Prompt
Using the data that follows, give again word for word the lines between the one holding "オレのかわいくない妹について(C91) [おかだ亭 (岡田コウ)]" and the one holding "国际mba有哪些学校？值得读的mba学校介绍！.jpg", inclusive. Omit the pictures.

Provided data
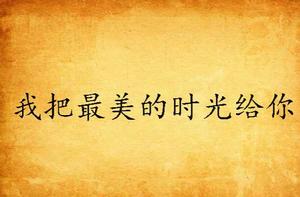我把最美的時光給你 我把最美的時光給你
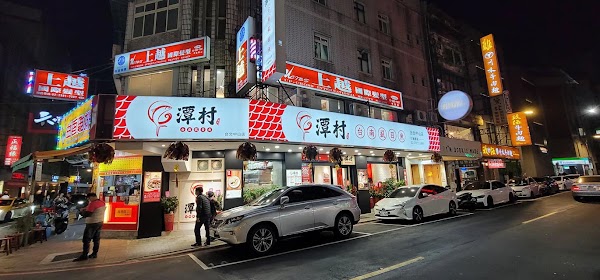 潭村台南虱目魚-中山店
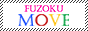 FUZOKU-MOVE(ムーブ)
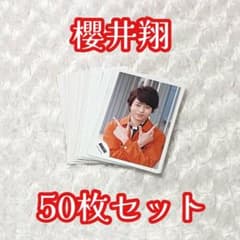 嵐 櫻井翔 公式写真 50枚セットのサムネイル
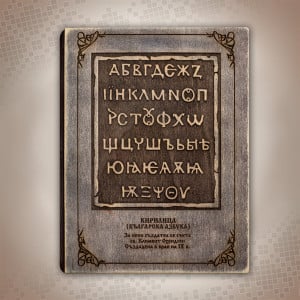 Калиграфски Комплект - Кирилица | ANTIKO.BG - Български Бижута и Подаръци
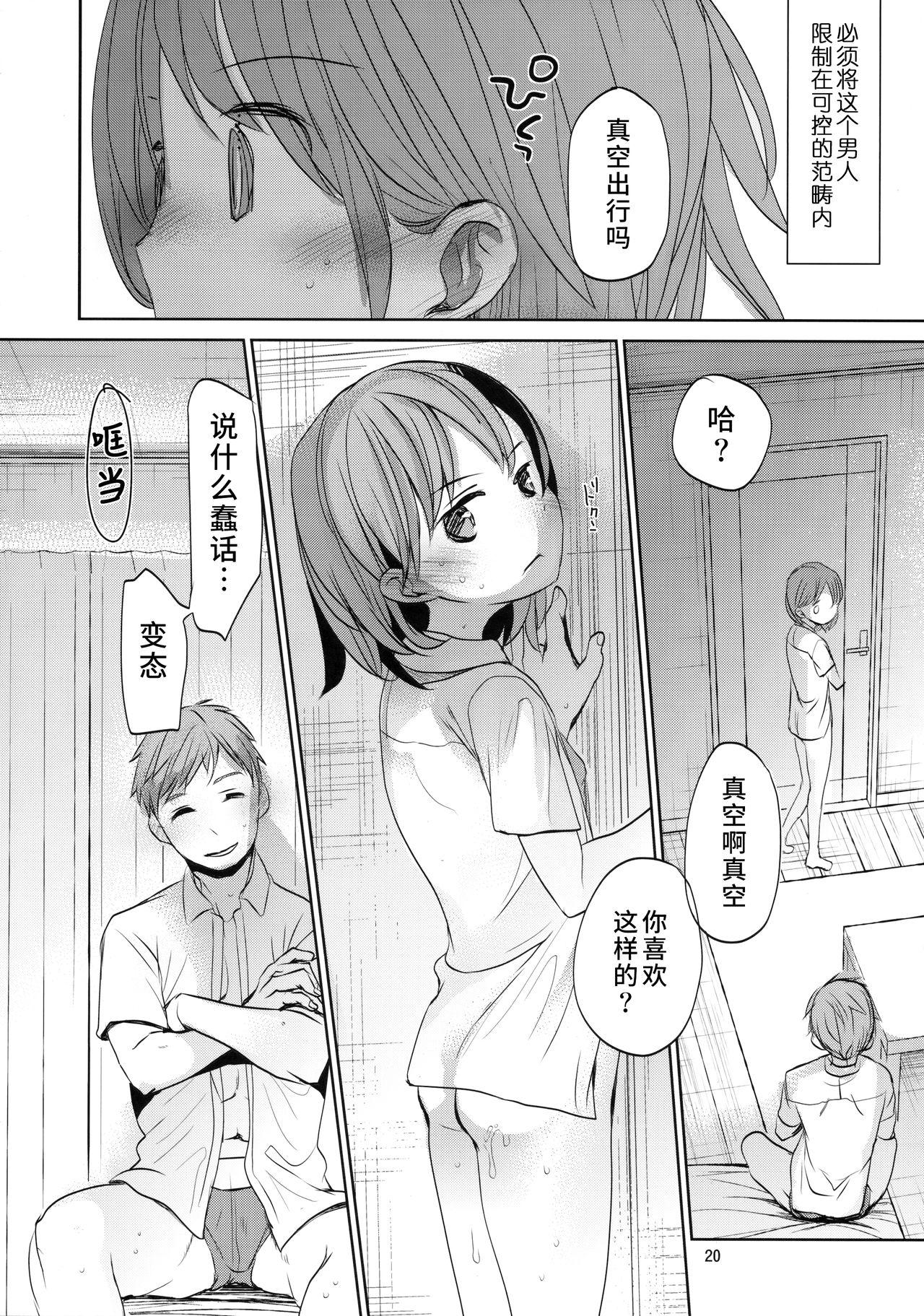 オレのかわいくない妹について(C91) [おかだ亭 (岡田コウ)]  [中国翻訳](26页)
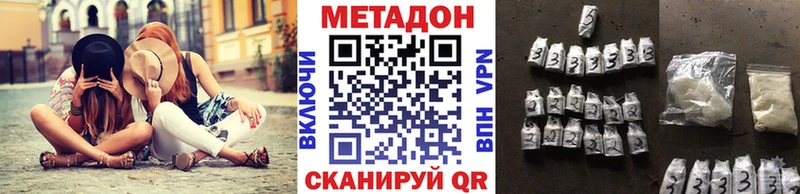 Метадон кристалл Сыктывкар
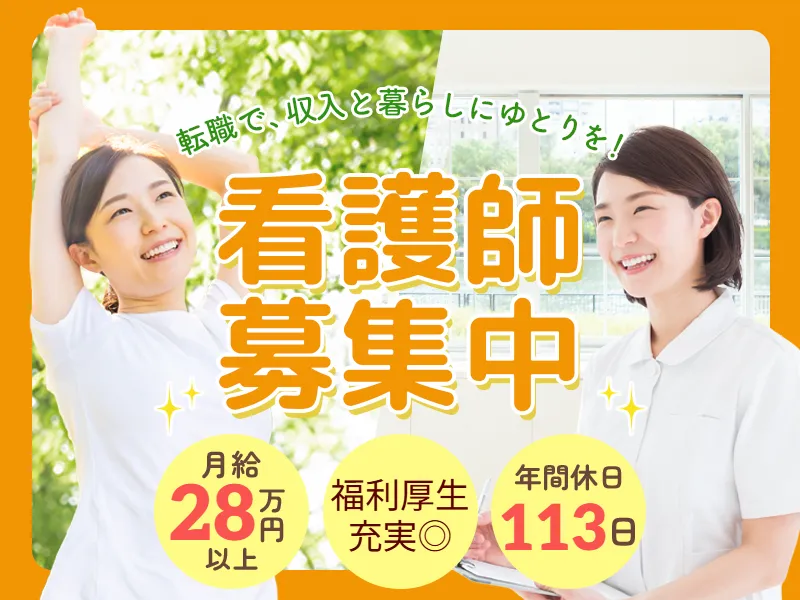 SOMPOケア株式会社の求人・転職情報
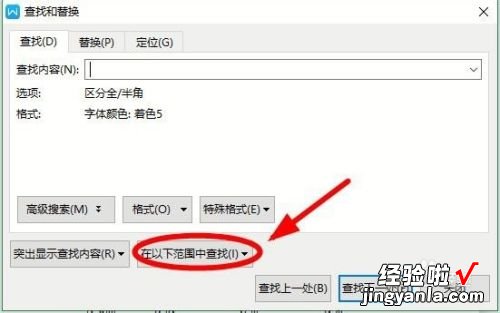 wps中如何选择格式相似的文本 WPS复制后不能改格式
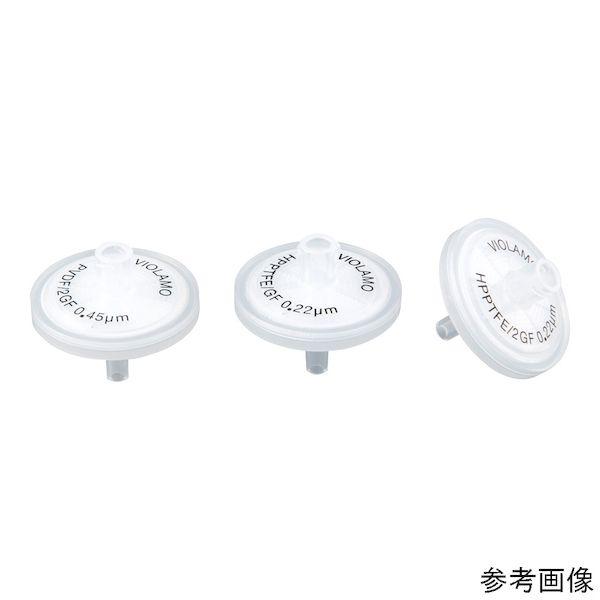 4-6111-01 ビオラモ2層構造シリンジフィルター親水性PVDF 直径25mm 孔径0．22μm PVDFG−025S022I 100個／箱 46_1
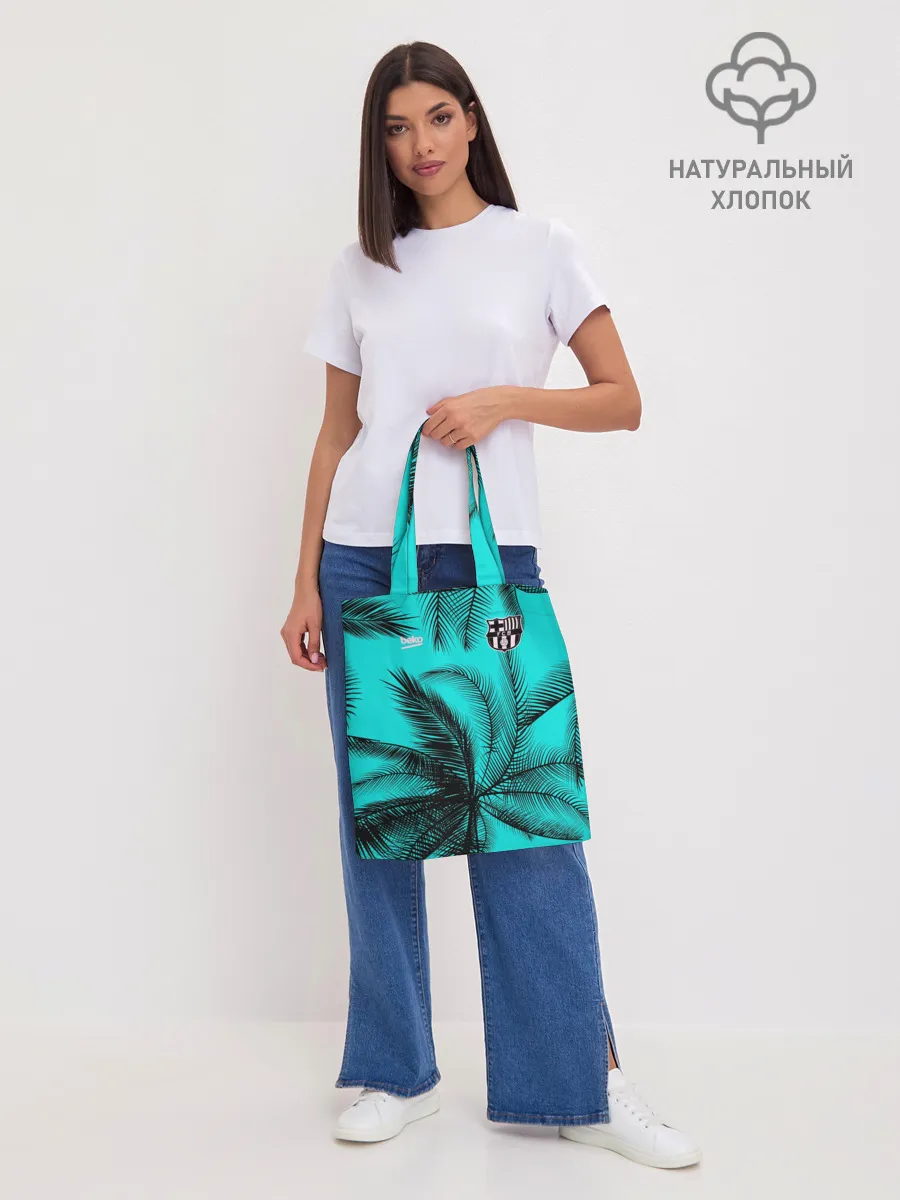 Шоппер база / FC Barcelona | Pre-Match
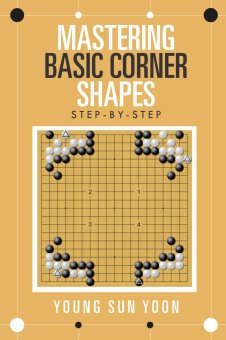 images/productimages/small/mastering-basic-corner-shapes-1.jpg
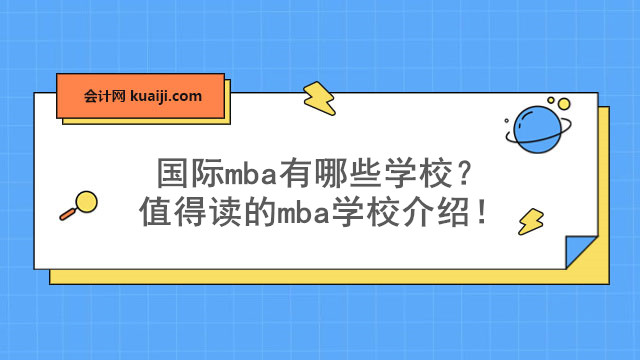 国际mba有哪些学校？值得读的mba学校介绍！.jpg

...

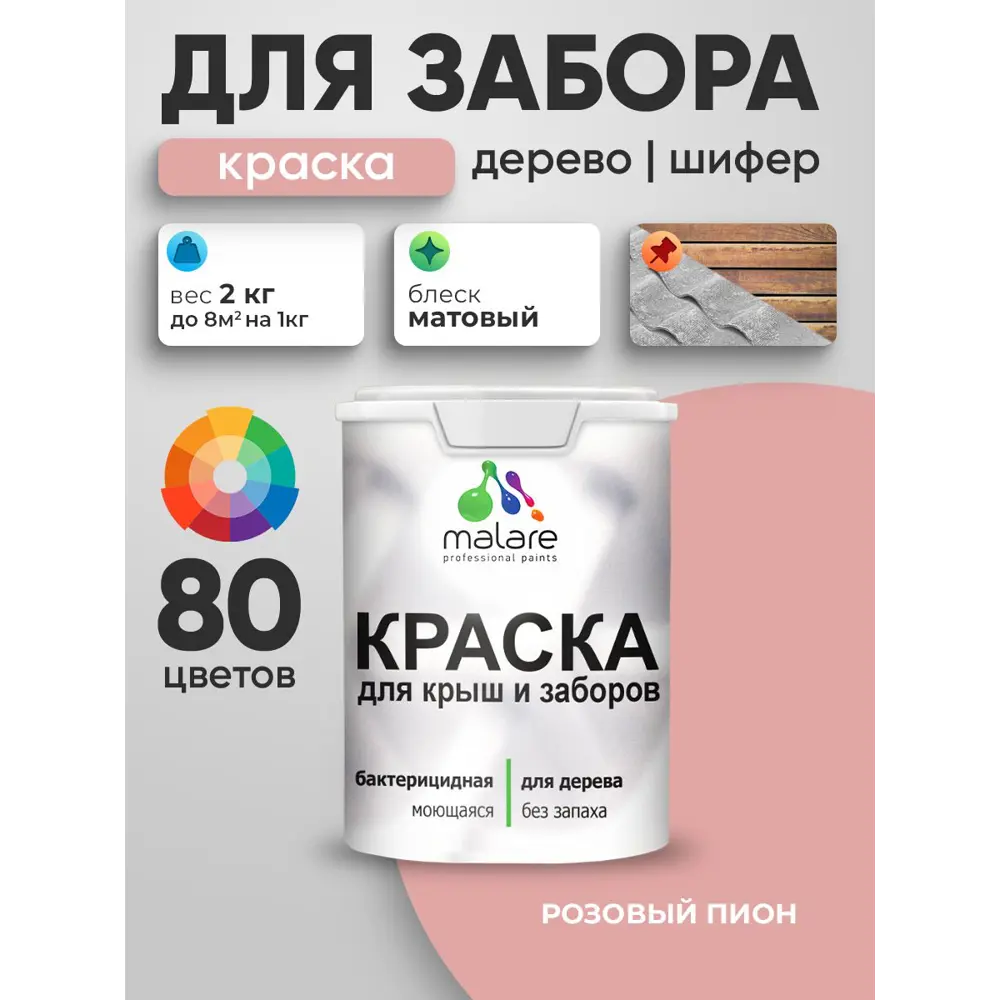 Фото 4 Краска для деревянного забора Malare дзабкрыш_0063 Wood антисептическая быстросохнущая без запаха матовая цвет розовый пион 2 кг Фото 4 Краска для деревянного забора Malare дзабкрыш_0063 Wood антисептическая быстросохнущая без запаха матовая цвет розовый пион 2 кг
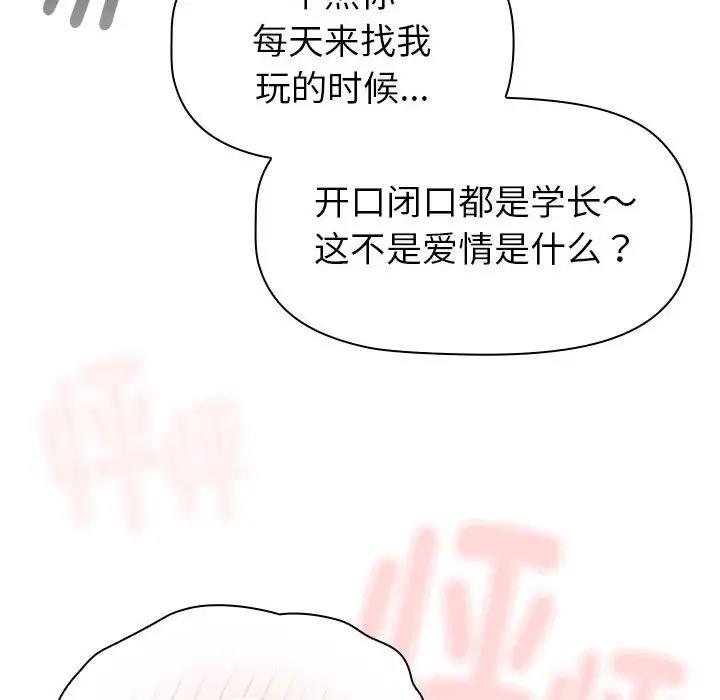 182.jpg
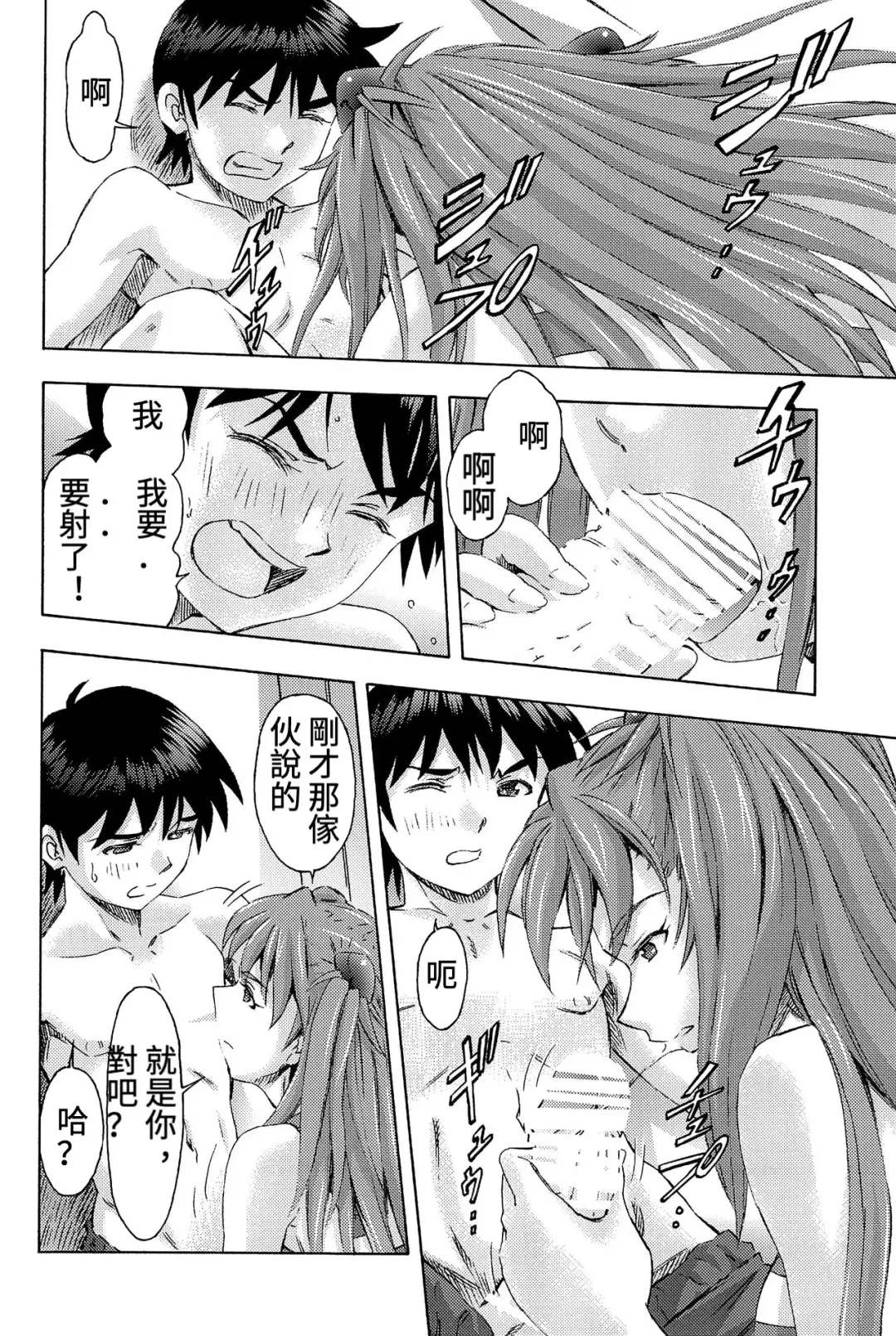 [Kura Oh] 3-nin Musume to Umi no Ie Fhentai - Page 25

--

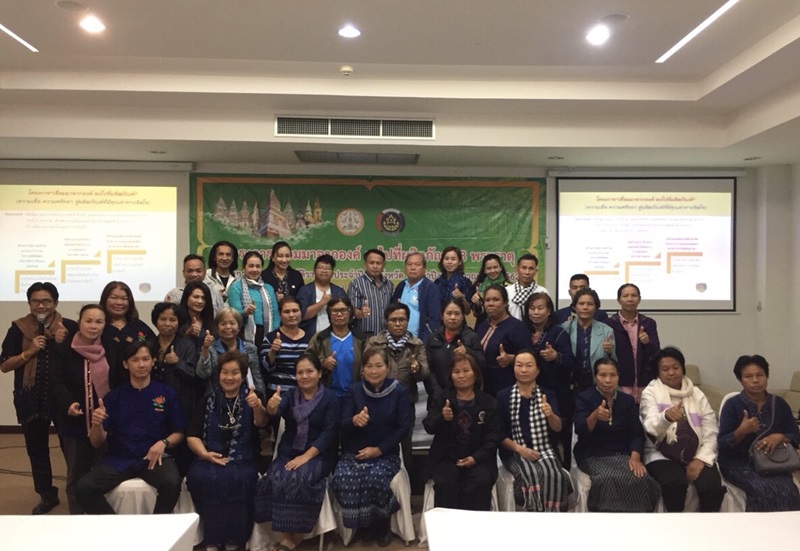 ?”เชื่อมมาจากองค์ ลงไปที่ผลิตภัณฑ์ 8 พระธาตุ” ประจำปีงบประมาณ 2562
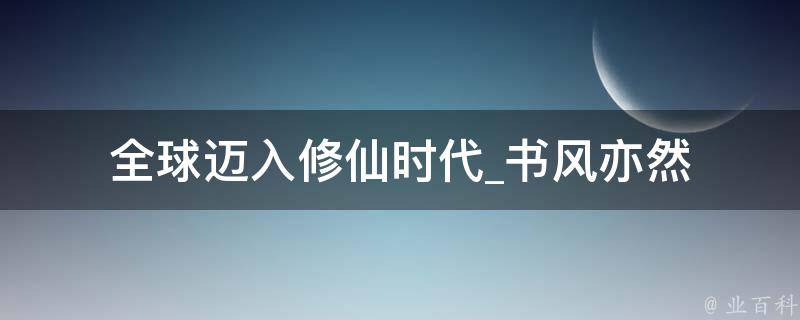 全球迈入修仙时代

Response area
 オレのかわいくない妹について(C91) [おかだ亭 (岡田コウ)]  [中国翻訳](26页)
 Метадон кристалл Сыктывкар
 SOMPOケア株式会社の求人・転職情報
 wps中如何选择格式相似的文本 WPS复制后不能改格式
 4-6111-01 ビオラモ2層構造シリンジフィルター親水性PVDF 直径25mm 孔径0．22μm PVDFG−025S022I 100個／箱 46_1
 Шоппер база / FC Barcelona | Pre-Match
 images/productimages/small/mastering-basic-corner-shapes-1.jpg
 国际mba有哪些学校？值得读的mba学校介绍！.jpg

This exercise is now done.